[Records from a collection]

⟨

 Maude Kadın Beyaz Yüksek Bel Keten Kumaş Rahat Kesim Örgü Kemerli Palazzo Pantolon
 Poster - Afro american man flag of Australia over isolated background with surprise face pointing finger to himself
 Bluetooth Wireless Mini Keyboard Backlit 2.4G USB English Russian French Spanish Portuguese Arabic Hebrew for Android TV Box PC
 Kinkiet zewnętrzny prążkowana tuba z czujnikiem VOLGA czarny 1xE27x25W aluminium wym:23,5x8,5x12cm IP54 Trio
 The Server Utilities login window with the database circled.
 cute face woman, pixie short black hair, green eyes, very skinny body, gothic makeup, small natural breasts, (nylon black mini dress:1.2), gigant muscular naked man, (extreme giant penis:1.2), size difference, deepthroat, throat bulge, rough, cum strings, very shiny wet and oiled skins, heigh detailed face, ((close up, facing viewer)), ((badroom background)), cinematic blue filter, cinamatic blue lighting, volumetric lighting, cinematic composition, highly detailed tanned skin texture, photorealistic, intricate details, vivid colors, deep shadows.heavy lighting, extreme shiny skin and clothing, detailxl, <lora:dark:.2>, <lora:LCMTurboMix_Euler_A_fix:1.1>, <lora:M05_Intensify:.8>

⟩

▶ Work to complete:
Every line of the data that holds "background" should be counted, and only the total given.

▶ Result below:
2